Menggugat Eksistensi G-8

Oleh Bawono Kumoro

Pada 7-9 Juli 2008, G-8 (Group of Eight) menggelar Konferensi Tingkat Tinggi (KTT) di Toyako, Hokkaido, Jepang. Sebagaimana pertemuan-pertemuan sebelumnya, KTT ini berpotensi menuai berbagai kontroversi dan resistensi global, terutama terkait dengan masalah kemiskinan dan krisis pangan.

Group of Eight adalah kelompok negara industri maju yang terdiri dari Amerika Serikat (AS), Inggris, Jerman, Prancis, Italia, Rusia, Kanada, dan Jepang. Secara historis terbentuknya “sindikat” antarkepala negara ini dilatarbelakangi oleh motif ekonomi politik. Dalam hal ini, resesi global dan krisis minyak.

Tidak seperti organisasi-organisasi transnasional lainnya, secara de jure G-8 tidak memiliki sistem administrasi yang baku. Hal tersebut tak lain disebabkan status G-8 yang sesungguhnya lebih bersifat informal.
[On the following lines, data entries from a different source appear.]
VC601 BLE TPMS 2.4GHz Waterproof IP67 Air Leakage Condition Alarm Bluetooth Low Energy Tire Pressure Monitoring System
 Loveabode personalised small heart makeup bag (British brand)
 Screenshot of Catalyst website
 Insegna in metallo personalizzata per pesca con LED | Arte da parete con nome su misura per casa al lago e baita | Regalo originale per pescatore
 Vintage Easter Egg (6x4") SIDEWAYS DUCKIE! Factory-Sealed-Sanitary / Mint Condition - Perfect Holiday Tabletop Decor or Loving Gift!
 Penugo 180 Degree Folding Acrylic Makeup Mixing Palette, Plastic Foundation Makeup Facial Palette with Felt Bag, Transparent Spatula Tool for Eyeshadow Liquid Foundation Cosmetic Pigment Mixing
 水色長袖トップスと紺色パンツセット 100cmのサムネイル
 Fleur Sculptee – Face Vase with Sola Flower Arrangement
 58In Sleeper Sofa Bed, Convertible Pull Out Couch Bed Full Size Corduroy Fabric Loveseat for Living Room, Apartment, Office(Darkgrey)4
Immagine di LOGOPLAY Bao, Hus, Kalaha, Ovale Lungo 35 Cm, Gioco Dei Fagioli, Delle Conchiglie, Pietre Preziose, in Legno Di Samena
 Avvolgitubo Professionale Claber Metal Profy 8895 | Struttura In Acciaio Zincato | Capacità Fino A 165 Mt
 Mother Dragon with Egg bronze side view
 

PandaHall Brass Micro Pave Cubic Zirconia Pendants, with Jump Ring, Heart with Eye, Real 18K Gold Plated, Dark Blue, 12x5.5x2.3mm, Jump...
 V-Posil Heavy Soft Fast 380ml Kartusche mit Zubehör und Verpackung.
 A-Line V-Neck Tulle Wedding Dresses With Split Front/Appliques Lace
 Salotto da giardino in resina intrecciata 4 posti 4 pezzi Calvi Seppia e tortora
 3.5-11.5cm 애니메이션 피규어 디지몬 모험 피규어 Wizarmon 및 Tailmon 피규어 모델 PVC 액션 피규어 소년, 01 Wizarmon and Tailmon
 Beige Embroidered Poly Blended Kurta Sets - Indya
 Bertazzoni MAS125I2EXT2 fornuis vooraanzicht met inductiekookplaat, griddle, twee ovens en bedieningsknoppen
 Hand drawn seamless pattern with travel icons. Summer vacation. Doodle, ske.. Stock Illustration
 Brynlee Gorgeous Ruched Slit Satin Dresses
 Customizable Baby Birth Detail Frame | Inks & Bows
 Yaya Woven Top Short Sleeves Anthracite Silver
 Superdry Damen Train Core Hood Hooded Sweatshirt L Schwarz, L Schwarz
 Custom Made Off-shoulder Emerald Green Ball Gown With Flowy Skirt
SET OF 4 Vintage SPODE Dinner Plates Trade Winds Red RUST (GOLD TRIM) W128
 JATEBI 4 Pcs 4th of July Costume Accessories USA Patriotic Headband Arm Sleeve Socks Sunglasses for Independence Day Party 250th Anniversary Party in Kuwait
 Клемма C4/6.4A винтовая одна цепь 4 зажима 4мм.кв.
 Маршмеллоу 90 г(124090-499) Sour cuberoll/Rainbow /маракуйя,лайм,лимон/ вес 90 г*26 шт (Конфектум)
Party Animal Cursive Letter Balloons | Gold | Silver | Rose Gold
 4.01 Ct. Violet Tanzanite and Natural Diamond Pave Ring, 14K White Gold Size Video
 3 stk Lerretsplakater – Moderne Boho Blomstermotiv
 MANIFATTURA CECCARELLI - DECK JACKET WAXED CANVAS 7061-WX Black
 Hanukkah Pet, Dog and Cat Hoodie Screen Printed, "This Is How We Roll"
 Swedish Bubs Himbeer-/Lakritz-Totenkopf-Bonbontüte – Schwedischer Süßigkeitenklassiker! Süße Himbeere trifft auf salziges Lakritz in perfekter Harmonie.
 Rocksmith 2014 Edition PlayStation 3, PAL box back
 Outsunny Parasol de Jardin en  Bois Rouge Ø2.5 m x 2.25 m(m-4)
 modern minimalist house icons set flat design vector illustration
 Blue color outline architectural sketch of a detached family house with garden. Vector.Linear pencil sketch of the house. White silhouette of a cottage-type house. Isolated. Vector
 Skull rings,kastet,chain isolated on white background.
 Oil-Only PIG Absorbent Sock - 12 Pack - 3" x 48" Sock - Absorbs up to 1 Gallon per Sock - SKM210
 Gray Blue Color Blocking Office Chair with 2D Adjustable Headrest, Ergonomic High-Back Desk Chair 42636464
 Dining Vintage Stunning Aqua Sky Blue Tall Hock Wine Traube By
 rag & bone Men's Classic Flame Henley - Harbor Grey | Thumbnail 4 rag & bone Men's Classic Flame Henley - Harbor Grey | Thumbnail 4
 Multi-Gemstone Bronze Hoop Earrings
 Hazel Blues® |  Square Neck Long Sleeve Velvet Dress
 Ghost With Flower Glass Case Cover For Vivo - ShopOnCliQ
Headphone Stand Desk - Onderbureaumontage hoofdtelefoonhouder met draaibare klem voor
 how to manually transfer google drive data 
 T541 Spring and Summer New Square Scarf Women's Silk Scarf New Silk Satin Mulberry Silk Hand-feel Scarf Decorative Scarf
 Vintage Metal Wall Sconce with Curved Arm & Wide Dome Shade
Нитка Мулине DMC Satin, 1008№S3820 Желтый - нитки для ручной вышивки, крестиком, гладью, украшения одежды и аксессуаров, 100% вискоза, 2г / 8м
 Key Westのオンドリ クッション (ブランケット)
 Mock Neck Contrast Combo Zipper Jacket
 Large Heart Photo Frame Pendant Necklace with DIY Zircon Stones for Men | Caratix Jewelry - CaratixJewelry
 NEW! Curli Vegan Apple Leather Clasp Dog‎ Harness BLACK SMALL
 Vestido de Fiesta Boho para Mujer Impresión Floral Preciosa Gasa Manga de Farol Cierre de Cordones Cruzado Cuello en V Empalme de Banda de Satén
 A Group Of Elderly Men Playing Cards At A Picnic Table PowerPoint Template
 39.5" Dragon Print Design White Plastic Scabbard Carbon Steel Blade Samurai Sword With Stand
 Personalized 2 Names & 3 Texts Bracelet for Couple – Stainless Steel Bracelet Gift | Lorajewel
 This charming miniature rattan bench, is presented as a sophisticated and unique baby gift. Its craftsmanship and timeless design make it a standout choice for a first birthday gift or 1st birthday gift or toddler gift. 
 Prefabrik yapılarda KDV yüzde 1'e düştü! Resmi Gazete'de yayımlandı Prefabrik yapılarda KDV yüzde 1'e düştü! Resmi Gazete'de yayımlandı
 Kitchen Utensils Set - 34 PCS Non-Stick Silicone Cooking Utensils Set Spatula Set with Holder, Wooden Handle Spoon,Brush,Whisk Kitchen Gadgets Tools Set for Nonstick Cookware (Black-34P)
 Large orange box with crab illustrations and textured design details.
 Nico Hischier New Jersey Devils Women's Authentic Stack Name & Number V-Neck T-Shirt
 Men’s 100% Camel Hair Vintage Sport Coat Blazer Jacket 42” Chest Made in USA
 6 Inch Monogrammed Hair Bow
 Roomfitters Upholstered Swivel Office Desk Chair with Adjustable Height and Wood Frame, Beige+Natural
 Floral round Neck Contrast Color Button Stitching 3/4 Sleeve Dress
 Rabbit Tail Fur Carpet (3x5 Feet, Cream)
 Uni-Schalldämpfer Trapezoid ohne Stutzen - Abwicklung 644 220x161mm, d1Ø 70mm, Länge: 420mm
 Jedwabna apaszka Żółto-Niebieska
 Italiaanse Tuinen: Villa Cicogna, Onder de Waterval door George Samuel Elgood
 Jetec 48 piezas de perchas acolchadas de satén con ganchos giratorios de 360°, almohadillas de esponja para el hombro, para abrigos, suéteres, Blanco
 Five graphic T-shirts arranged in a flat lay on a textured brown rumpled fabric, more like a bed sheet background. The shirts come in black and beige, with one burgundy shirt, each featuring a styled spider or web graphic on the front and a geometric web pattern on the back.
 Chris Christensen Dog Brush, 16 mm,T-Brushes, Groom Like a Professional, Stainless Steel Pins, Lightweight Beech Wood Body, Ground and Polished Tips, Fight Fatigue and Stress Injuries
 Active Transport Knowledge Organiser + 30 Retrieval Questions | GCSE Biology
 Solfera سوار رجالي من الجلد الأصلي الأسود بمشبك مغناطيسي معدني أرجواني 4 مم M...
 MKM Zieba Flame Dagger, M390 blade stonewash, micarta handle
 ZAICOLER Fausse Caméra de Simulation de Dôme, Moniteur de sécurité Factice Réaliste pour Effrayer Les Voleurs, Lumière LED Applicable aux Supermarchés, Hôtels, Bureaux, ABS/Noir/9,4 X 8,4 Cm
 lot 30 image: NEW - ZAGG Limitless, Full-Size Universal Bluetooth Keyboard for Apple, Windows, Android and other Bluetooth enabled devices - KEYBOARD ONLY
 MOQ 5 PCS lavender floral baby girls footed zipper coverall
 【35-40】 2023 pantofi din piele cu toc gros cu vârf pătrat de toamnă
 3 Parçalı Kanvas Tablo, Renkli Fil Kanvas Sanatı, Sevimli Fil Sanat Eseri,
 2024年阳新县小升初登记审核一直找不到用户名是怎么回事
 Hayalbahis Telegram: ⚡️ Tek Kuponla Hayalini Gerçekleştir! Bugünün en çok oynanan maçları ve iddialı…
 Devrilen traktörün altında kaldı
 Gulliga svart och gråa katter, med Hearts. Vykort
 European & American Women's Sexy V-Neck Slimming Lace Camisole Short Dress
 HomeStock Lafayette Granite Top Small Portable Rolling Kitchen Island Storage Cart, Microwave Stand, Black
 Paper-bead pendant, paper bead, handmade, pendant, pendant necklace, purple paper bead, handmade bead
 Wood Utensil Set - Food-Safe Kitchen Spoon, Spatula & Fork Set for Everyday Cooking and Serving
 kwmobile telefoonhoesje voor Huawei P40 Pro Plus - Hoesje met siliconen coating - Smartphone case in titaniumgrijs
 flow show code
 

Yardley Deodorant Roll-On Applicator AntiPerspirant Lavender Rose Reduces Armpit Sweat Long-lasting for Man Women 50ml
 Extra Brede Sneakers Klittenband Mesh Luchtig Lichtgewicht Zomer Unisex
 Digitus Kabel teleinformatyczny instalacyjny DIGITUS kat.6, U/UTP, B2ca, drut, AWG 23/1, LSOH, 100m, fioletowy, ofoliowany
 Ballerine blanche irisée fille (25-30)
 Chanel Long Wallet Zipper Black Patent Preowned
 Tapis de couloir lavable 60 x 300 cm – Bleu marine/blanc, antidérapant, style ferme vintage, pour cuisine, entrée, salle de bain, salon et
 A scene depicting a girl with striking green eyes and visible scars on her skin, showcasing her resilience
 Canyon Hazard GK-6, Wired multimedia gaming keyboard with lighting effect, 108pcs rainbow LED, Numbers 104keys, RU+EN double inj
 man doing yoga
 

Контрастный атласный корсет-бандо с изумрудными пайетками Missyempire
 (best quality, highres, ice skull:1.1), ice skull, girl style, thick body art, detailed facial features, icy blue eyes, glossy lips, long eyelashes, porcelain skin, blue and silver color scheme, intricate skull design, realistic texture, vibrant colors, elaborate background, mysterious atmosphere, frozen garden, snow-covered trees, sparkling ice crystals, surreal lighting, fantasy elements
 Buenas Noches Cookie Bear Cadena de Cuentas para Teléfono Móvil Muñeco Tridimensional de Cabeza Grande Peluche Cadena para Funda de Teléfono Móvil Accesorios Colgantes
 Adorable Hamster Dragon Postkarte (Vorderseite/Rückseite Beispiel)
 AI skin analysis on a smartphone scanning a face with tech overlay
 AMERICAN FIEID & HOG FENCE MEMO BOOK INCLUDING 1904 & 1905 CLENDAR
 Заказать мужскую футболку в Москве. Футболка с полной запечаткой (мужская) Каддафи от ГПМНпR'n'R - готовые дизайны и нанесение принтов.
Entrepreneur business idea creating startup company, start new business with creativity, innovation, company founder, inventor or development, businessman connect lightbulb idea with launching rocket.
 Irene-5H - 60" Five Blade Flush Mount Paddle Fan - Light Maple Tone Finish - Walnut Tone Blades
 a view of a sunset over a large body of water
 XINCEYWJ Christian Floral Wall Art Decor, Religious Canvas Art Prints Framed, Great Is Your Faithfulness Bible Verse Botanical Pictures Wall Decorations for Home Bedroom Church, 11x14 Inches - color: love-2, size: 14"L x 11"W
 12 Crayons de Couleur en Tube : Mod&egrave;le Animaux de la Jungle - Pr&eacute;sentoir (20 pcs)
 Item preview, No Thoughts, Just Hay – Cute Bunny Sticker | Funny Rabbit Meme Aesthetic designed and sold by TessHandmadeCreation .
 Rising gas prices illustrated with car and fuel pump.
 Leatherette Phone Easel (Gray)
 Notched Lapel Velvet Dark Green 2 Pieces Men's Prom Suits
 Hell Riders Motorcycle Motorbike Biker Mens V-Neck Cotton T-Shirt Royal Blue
G-8 bukanlah organisasi internasional yang berdasarkan pada suatu piagam atau pakta internasional tertentu, tetapi tidak lebih dari sebuah forum atau kongsi tidak resmi yang dibentuk oleh segelintir elite pemegang kendali struktur kekuasaan dunia. Setiap keputusan dan kebijakan diformulasikan sebagai sebuah komitmen politik anggota-anggotanya.

Meskipun begitu, secara de facto G-8 telah menjadi semacam unofficial world government. Tak dapat dimungkiri bahwa negara-negara yang tergabung dalam G-8 merupakan the world’s most powerful leader, terutama dari segi ekonomi. Berbagai lembaga moneter dan keuangan internasional berada di bawah pengaruh kelompok ini. Sebut saja, misalnya, International Monetary Fund (IMF) yang sekitar 50 persen asetnya dikuasai oleh G-8.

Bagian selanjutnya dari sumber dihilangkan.